STORED DATA -

####################

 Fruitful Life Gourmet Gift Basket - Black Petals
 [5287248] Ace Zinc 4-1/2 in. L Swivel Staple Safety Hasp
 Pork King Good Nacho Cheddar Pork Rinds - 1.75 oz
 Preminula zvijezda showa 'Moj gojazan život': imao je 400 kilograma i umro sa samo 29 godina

####################

EXERCISE GOAL -
Write out every line, unchanged, from the one containing "Pork King Good" through the closing line of the data.

EXERCISE SOLUTION -
 Pork King Good Nacho Cheddar Pork Rinds - 1.75 oz
 Preminula zvijezda showa 'Moj gojazan život': imao je 400 kilograma i umro sa samo 29 godina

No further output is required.